The only thing constant is change. In User Experience, change is always good when it derives from research. Iterative tests have a lot to do with both change and research.
This is how iterative testing works. When a doctor tries to treat an illness, the first thing he does is searching for a cause of the symptoms. Most of the times, he cannot be sure what the problem is caused by but he hypothesizes and starts a treatment. Trying any treatment is better than no treatment at all. When the treatment doesn’t work, he tries to understand why, and tests another hypothesis of what can cure the illness. The whole process doesn’t stop until the illness is completely cured. I know that the reality isn’t always as promising as the metaphorical doctor, but iterative tests are nothing more than setting hypotheses of what can cure the problem, watching the reaction to the applied treatment and improving it repeatedly until the problem is gone. Instead of people, we cure websites; instead of medicine, we use design.
How did we do it?
Iterative tests can be quite expensive because nobody knows when they would give any positive feedback. Actually, I bet you can do them infinitely. This is how we did it…
The Client was a big e-store selling home furnishing, decorative articles and textiles. Its best-selling products are roman blinds. They are sewn individually for every customer using a fabric of his (or rather her) choice. There are thousands of different combinations of fabrics, finishings, sizes and mechanisms that a customer has to configure through the e-store. We knew that a product page would be a challenge, and so it was. We decided to conduct iterative research with customers on the most important functionalities, like menu, product page, listing and fabric samples ordering. We had created low-fidelity mockups with core interactions only and went to the Client’s brick-and-mortar store. We spent there 5 days engaging customers in 20-minute tests in exchange for a small discount.
Every day was a different test and improve cycle. Each morning, we made changes to the mockup based on conclusions from the day before to start testing it in the afternoon. We tested until we had found some tendencies, usually between 6 to 7 people a day, which gave us 36 respondents giving feedback on the same functionalities.
This was enough feedback to give us a memorable lesson in humility.
We tested the first 3 versions of some filters.

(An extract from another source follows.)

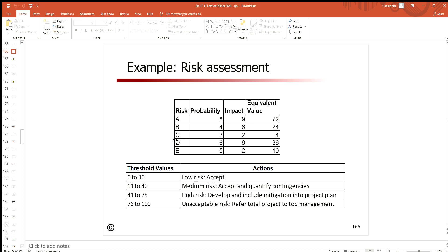If I say I'm going to quantify a contingency on D because of the threshold value, then I need to say what are those contingencies going to be. For this case, what am I going to get in place for D, for a plan B if D surfaces in the project? That's the whole story.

It wasn’t too bad, but it wasn’t good either. We introduced some changes on the 4th day thinking that there was no way users wouldn’t have been able to use it the way it had been designed for… and the feedback on it was even worse. Fortunately, the next change which was the big comeback to the simplicity and straightforwardness, caused positive feedback.
Here are some conclusions from our experience:
- People are willing to give you feedback, you just have to ask for it.
- No matter how much of an expert designer you are, the chances you would be right on your first try are rather small.
- Keep your mockups simple and with no visual design. Pictures and colors can catch too much of a respondent’s attention.
- Try to recruit people who have no difficulty in abstract thinking. There will be a lot to imagine for them.
- Keep your mockup in a sketchy style so that you won’t fall into the temptation of finishing every single detail of it. It doesn’t matter what color a button is, your aim is to make people see that it is different from a link. That’s all.
Iteration is the perfect way of getting to the right choices of design. All in all, we don’t want something that only looks good, but something that works well for us. A good way to find it out is to test and iterate, even if you, as a designer, are about to find out that you are not as predictive as you thought you were.